(Dataset)

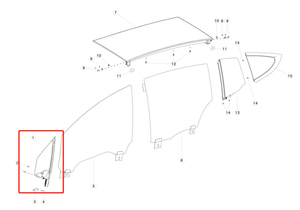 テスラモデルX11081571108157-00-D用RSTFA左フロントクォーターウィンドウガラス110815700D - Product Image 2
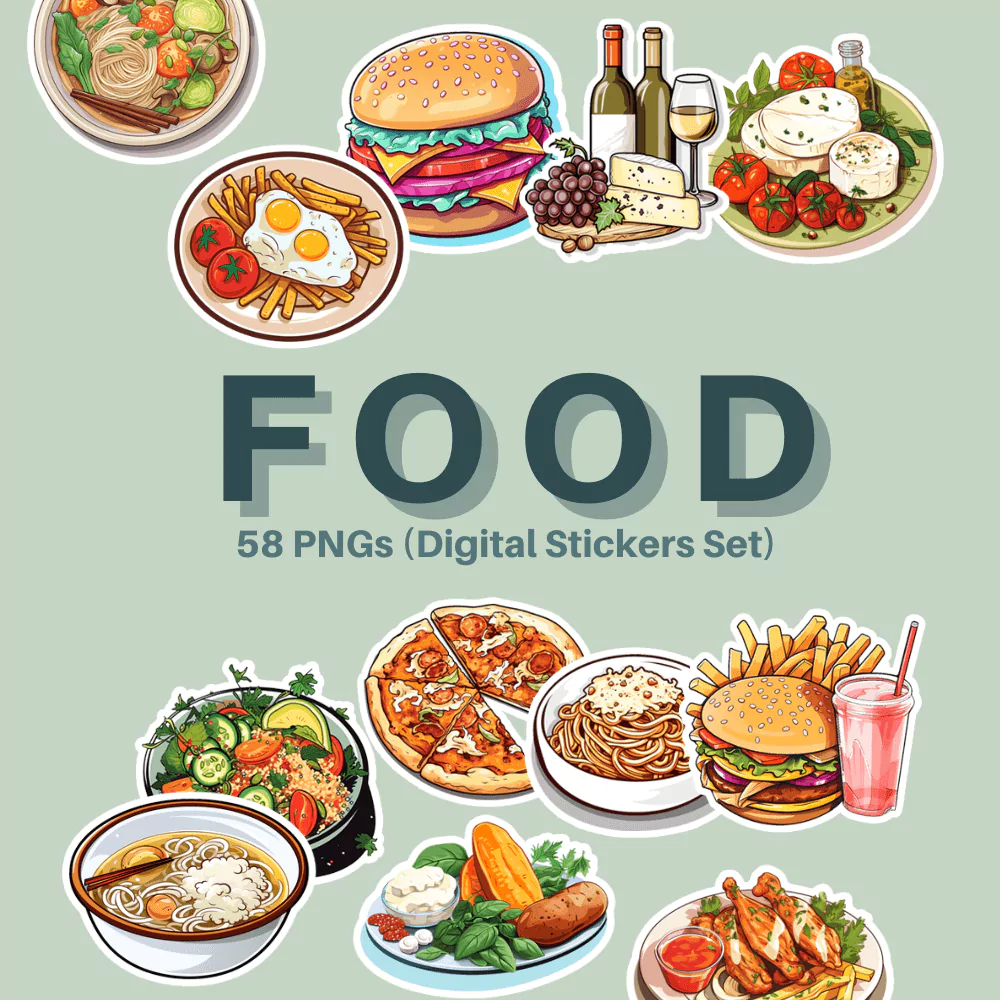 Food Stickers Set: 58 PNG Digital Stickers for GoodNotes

(End Dataset)
(Dataset)

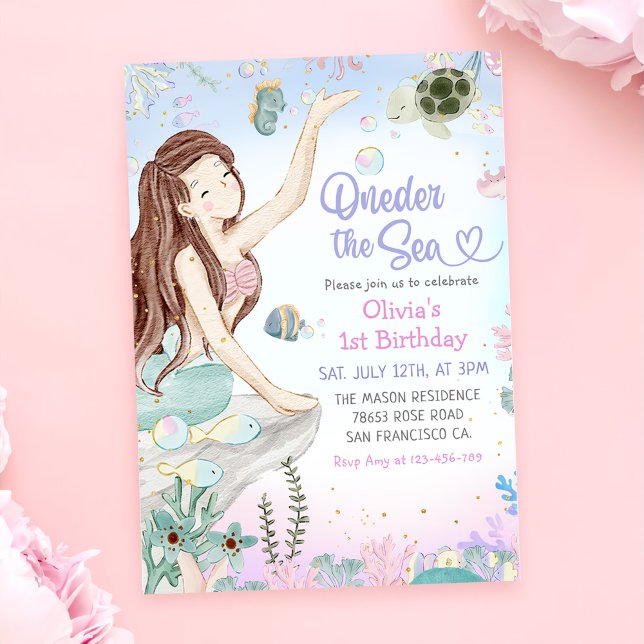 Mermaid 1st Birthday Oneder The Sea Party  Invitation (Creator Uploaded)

(End Dataset)
(Dataset)

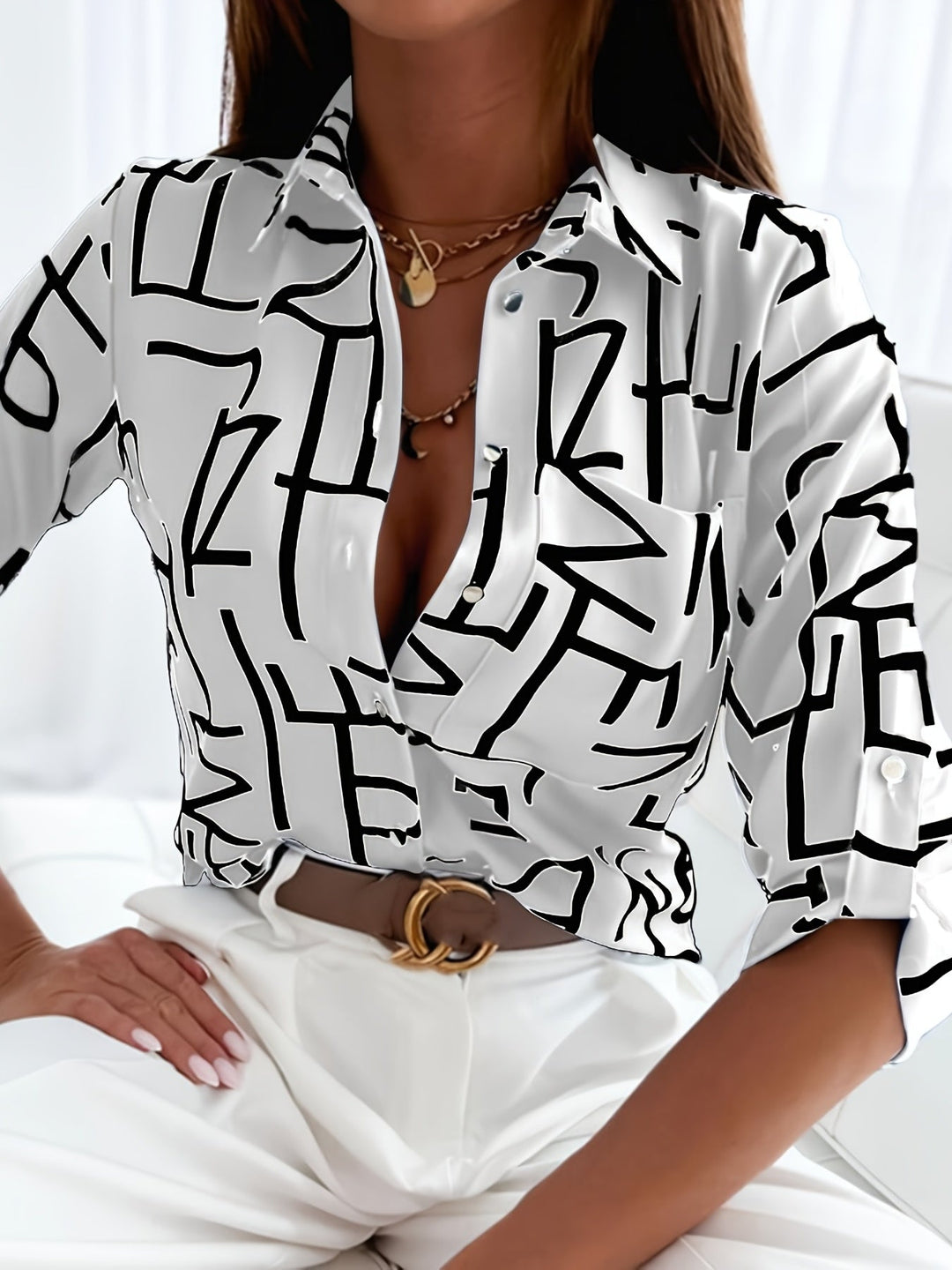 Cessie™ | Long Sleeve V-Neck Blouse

(End Dataset)

* _Work instruction_:
Using the data above, output the line that has "Product Image 2", the line that has "Food Stickers Set: 58", and whatever lines fall between, each exactly as it stands and without pictures.

* _Solved problem_:
 テスラモデルX11081571108157-00-D用RSTFA左フロントクォーターウィンドウガラス110815700D - Product Image 2
 Food Stickers Set: 58 PNG Digital Stickers for GoodNotes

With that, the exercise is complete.